WWII is well underway in Europe, and Japan has begun its imperial foraging for new territory in the Far East, but where will it stop? Could Japan envision an assault on US territories—or even the United States itself? Stepping up preparedness in Hawaii is underway.
Karl Larew’s excellent work of historical fiction starts with Paul Van Vliet’s introduction to life and military duty in Hawaii. Paul’s sister Dottie, married to pineapple and sugar plantation owner Sam Lauterbaugh, is delighted to have her younger brother so close and soon invites him to a dinner party.
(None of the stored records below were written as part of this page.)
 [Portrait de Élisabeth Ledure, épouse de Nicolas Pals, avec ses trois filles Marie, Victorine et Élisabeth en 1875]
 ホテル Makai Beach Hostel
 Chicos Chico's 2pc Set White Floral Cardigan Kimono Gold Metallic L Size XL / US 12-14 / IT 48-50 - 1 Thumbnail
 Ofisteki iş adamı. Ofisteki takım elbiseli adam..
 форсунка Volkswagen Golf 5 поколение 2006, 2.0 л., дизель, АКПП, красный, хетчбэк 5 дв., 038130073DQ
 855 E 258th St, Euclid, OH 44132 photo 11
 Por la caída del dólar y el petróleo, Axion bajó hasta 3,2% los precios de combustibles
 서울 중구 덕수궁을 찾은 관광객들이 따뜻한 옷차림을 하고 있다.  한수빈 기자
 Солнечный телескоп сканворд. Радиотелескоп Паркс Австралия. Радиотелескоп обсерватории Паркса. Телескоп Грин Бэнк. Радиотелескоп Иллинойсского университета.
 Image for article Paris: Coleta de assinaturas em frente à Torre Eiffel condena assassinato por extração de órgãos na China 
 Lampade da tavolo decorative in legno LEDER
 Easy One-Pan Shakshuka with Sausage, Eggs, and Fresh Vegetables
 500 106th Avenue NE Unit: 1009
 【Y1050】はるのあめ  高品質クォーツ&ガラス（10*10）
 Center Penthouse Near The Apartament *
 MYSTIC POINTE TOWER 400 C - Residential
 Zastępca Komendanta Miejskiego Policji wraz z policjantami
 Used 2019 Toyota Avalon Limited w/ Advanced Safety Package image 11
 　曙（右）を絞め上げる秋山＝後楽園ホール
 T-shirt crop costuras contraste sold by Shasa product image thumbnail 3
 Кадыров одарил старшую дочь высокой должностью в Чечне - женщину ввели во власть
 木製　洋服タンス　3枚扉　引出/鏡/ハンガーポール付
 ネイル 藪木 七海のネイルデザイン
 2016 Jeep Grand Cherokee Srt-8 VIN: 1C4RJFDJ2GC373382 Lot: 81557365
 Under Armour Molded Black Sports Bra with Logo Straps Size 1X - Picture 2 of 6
Paul is immediately attracted to another guest, Betty Lundstrom, wife of the often absent Navy Lt. Eric Lundstrom. The somewhat melancholy Betty is equally attracted to Paul. However, neither has any intention of a relationship beyond friendship based on a common interest in music and Paul’s offer to give ukulele lessons to six-year-old Rosalie Lundstrom.
On the duty side, Paul meets his superior officers, Capt. Bascom, as loose with his language as he is with his liquor, and Col. Tothill, very much the diplomat. Paul begins his assigned work—an assessment of what the Army Signal Corps in Hawaii might need to support a war in the Pacific.
In the months to come, Paul becomes a frequent visitor at the Lundstrom home. As Rosalie’s lessons progress, however, so does the relationship between Paul and Betty.
Then, one Sunday morning—to be precise, Dec. 7, 1941—Paul awakes at about 0800 to the sounds of change. Japan has just hit Pearl Harbor with a disastrous air strike. Soon, the U.S. is at war in both the Pacific and Europe.
Paul plays a major role in getting radio and wire communications established and coordinated and is promoted to Army Captain. Betty and Rosalie are evacuated—to spend the rest of the war with Betty’s parents in Washington, D.C.
The story of the “Pearl Harbor surprise attack” and its aftermath is brought to life by its telling through conversation and letters, a technique Larew expertly uses to draw his readers back in time, right into history (and his story). Larew’s personal experience (this book is dedicated to his father, Brigadier General Walter B. Larew [1904-1973], U.S. Army Signal Corps) greatly enhances his description of Paul’s work, as well as of military communications equipment and operations during WWII.
When Paul is ordered to Washington, he and Betty cannot resist seeing each other. They become convinced that they are destined to marry. But Paul is sent to Algiers in Sept. 1943, and then to London. Another promotion, to Major, accompanies his assignment to command one of the new JASCO (Joint Assault Signal Company) communications units, destined to land on Omaha Beach on D-Day. Paul’s rising star is assured by his performance on the European front, including during the Battle of the Bulge.
As we all know, WWII ended in Europe in May 1945 and in the Pacific three months later. But as peace descends on the military fronts, new battles escalate in Washington—between Democrats and Republicans in Congress, as to how (and why?!) Japan was able to approach Pearl Harbor undetected; and between the Army and the Army Air Forces, as to whether the latter should break away to become the U.S. Air Force. Well, that’s history—look it up.
On the family front, well, that’s Karl Larew’s story of Betty and Paul—read this fascinating and enjoyable book. And don’t stop with “Paul, Betty, and Pearl.” It’s just the first of three.